Nous baignons dans l’imaginaire techniciste, il nous dit ce qu’il faut considérer comme réel, vrai et important. Or l’imaginaire fait partie de l’être intime de l’homme de chair ; il lui colle littéralement à la peau. C’est pourquoi, lorsqu’on remet cet imaginaire en question, cet homme peut réagir comme si on lui arrachait la peau. À cet égard, il n’y a guère de différence entre l’imaginaire religieux des sociétés sacro-magiques et l’imaginaire techniciste de la société moderne. Ce qui explique que l’homme de chair qui appartient à la société technicienne, confronté aux problèmes posés par l’accélération du changement technique, ne sache répondre que par plus de technique.
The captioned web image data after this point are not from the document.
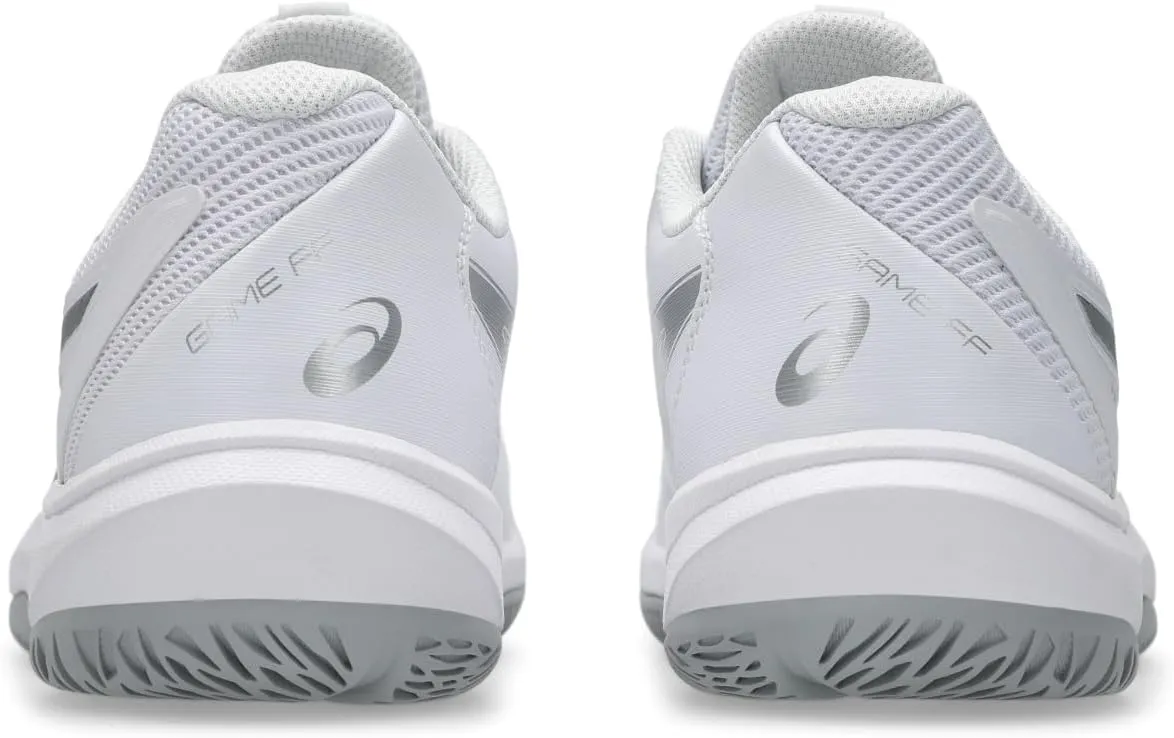 ASICS Women's Game Ff Tennis Shoes Sneaker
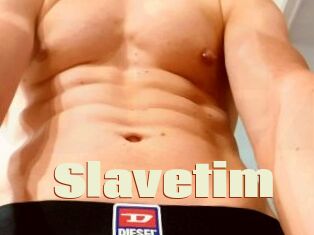 Slavetim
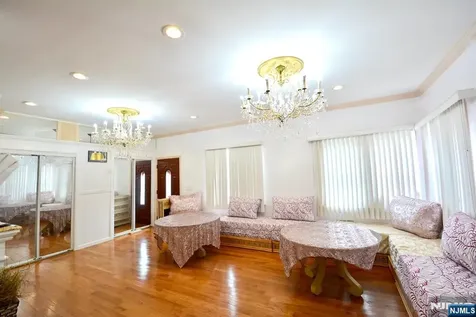 89 Rose Street Wood Ridge NJ 07075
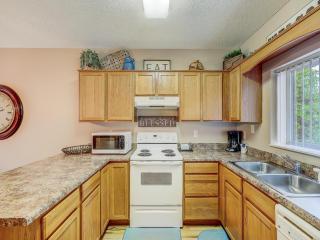 A Time to Gather Whispering Pines 614 - Pigeon Forge - 4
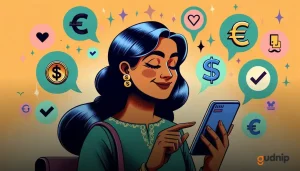 Same Day Installment Loans Direct Lenders: Quick Approval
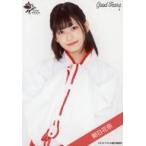 中古生写真(女性) Good Tears/朝日花奈/上半身/ラスト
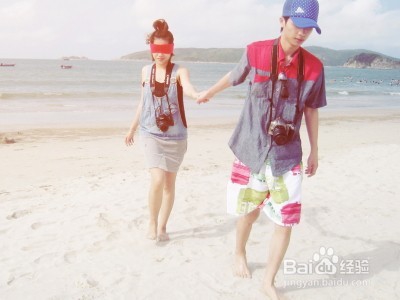 如果爱情出现矛盾怎么办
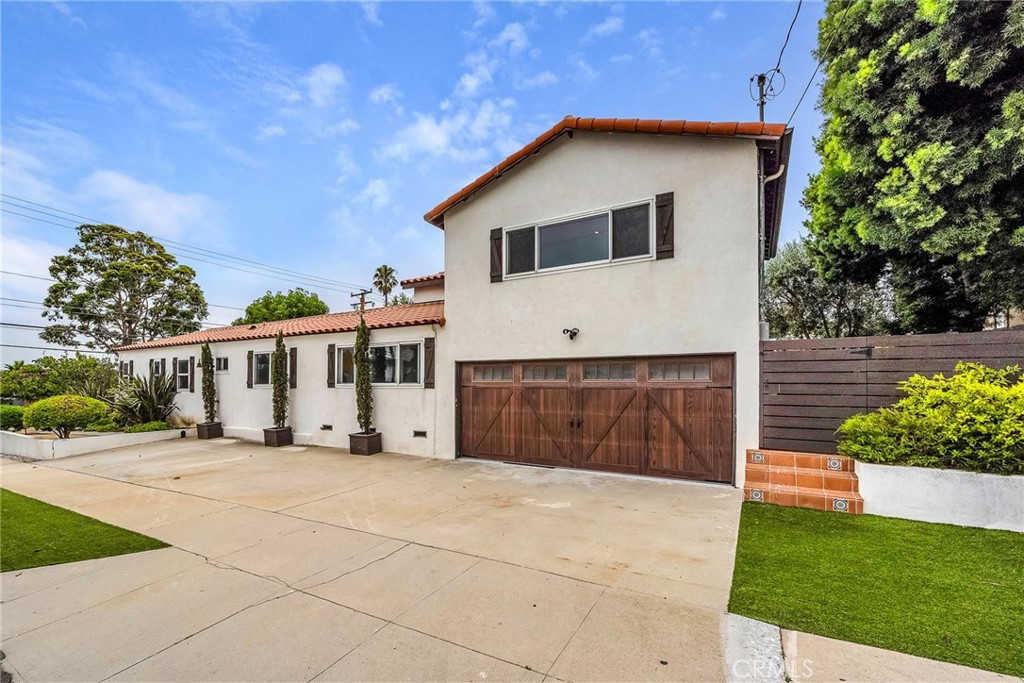 861 Sheldon Street Property Photo 21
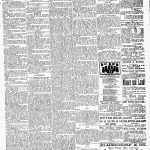 NewspapersFolder1887 – news-te-sa_an_da_ex.1887_06_21-0003C1-4Mob : 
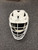 Used Cascade XRS PRO Lacrosse Helmet White One Size 11162-S000466138 View 1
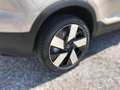Volvo EX40 Twin Motor Ultra Bej - thumbnail 7
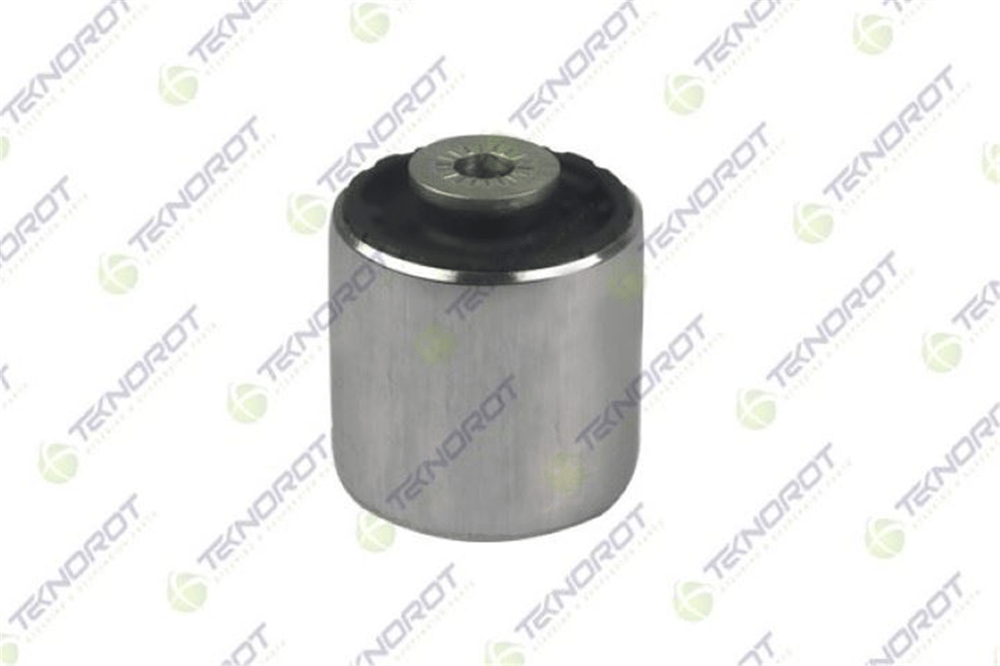 TEKNOROT BM-BS197 - Salincakburcuonalton - Bmw 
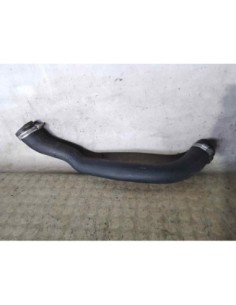 TUBO PEUGEOT 308 - 171252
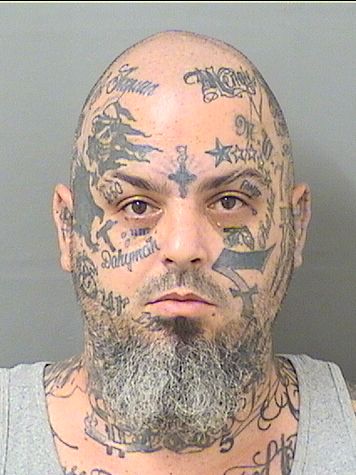  JESSE RUSSELL Photo For  JESSE RUSSELL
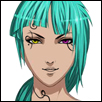 play Bt Dress Up Female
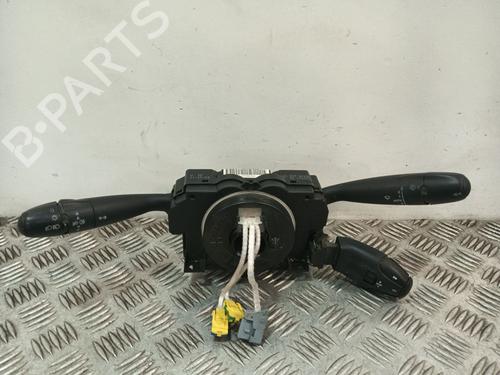 Used Switch Switch CITROËN C5 I (DC_) 2.0 HDi (DCRHZB, DCRHZE) (109 hp) 36003501 36003501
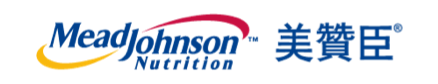Mead Johnson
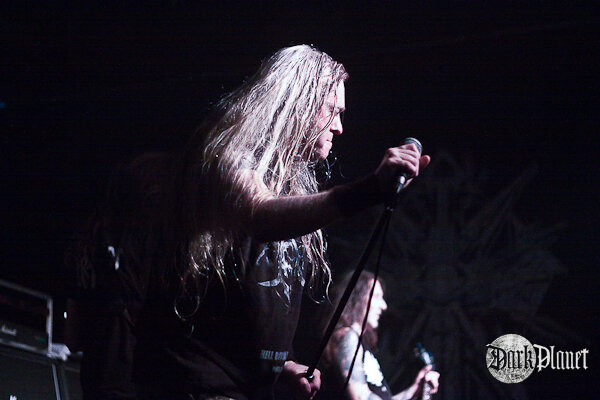 Bolt Thrower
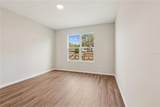 4449 37TH STREET Road - Photo 9
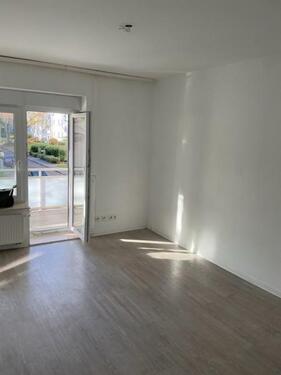 Foto - Etagenwohnung in Wiesbaden zur Miete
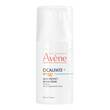 Avene Cicalfate + Multi-Protect Repair-Cre.SPF 50+ - 1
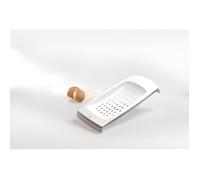 GSD 27 150 Râpe à Spaetzle Acier Inoxydable Multicolore 31 x 13 x 3 cm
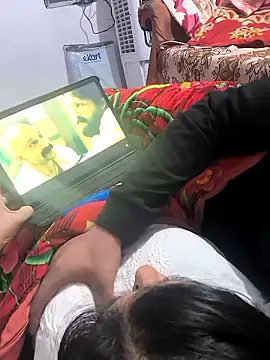 Angel queen12 online show from 13, 11, 2025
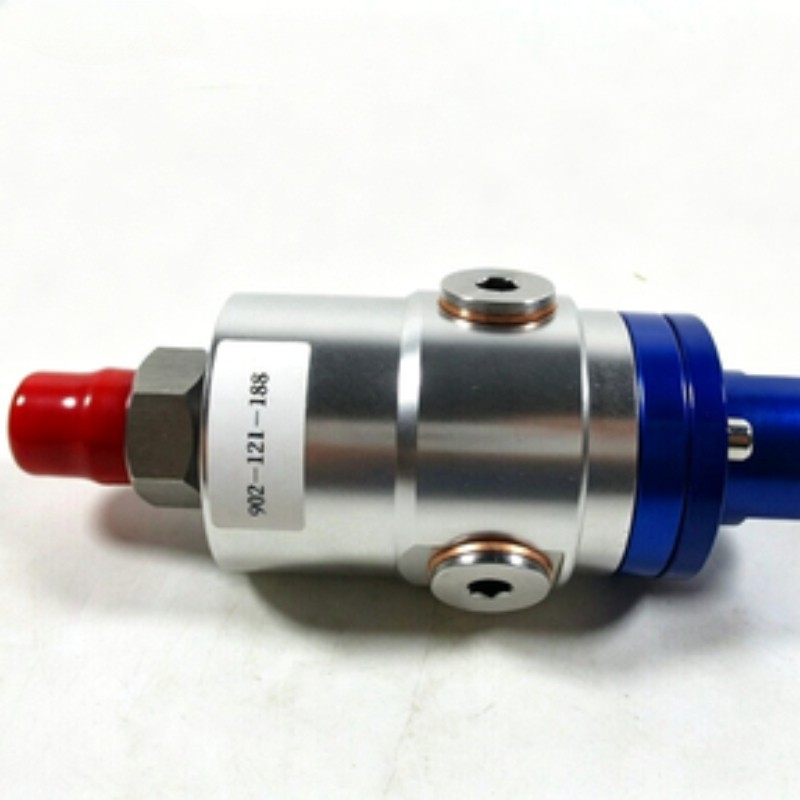 1PCS Fits NEW FOR 902-121-188 high speed coolant rotary joint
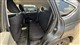 Billede af Honda CR-V 2,0 i-VTEC Elegance Plus Navi 155HK 5d 6g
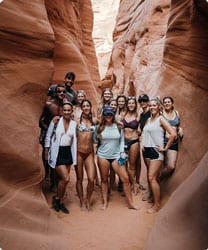 Katie Sampayo 2021 Scaling Stretching Beyond Limits 250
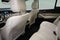 2022 Mercedes-Benz GLE GLE 450 4MATIC®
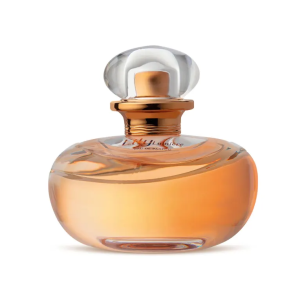 Eau de Parfum Lily Lumière 30ml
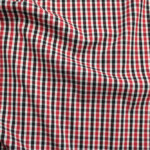 CAMICERIA COVENTRY STRETCH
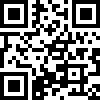 https://khabaronline.ir/x47pP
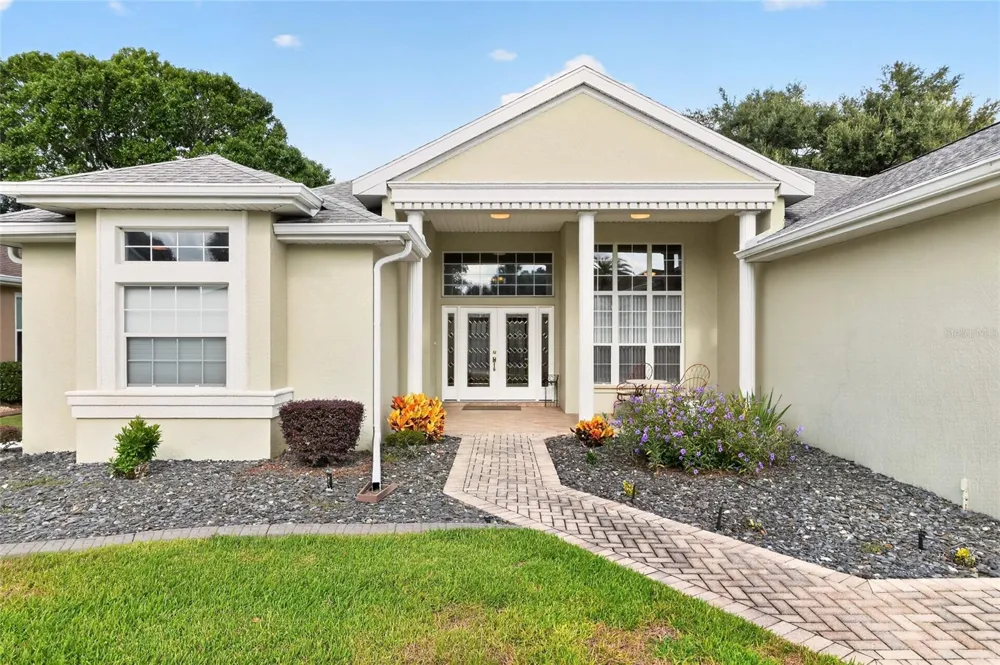 11182 SW 71ST CT ocala, FL 34476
Mais le projet moderne de mobiliser la puissance opératoire des formalismes techniques, scientifique et économique, voire d’en généraliser l’application pour réorganiser la vie individuelle et collective, risque d’aggraver encore plus la désorganisation, voire la décomposition « du rez-de-chaussée de la civilisation ».
La Technique de la chair, L’Échappée, 2021, p. 228.
L’homme moderne, celui de la société technicienne, a cherché à projeter autour de lui un système de médiation grâce auquel il tente de réaliser son désir d’échapper au tragique de sa condition. Etre fragile, ambigu, problématique, être relatif par excellence, voué à vivre dans la zone incertaine où la matière se fait esprit, l’homme a essayé de se créer un environnement propre qui lui permet d’affirmer son identité en maîtrisant et en utilisant à son profit les propriétés de ce monde. Mais de cette maîtrise, il attend non seulement la satisfaction efficace de ses besoins, mais aussi la réalisation de son désir de dépasser sa condition, de surmonter sa naturalité et de s’ériger en absolu. Malheureusement, l’homme reste ce qu’il est ; relatif et transitoire individu de chair pensante, il n’arrive pas à s’approprier les qualités de l’existence absolue qu’il désire. Ces qualités, c’est sur ses médiations, ses instruments, sa technique qu’il va les projeter. Et moins l’homme arrive à assouvir son désir de changer de peau, de dépasser les limites de sa condition, plus il va transformer ses œuvres en une sorte d’absolu. Voulant échapper à la nature et à sa nature, l’homme moderne travaille donc à créer une sorte de surréalité libératrice à laquelle il accorde une valeur inconditionnelle, et à laquelle il est prêt à tout sacrifier, y compris lui-même.
La Technique de la chair, L’Échappée, 2021, p. 366.
L’être de chair a besoin de vivre au sein d’une civilisation qui inscrit la puissance des techniques dans un ordre symbolique plus vaste, qui organise les relations que les hommes ont entre eux et avec le monde. En retour, ce monde symbolique, qui varie selon les civilisations, fournit à chaque individu le sol à partir duquel il peut se construire comme personne. Les transformations des techniques, l’accès à de nouveaux degrés ou même à de nouvelles formes de puissance, ont toujours retenti sur l’univers symbolique des hommes, selon un processus d’interaction. D’un côté, les innovations techniques appellent par exemple de nouvelles manières de vivre ensemble ; de l’autre les constructions symboliques imposent en retour des limites à la puissance des nouvelles techniques, limites au-delà desquelles leur usage ne peut être ni bon, ni beau, ni juste. L’homme de chair a donc besoin de vivre dans une civilisation.
La Technique de la chair, L’Échappée, 2021, p. 369.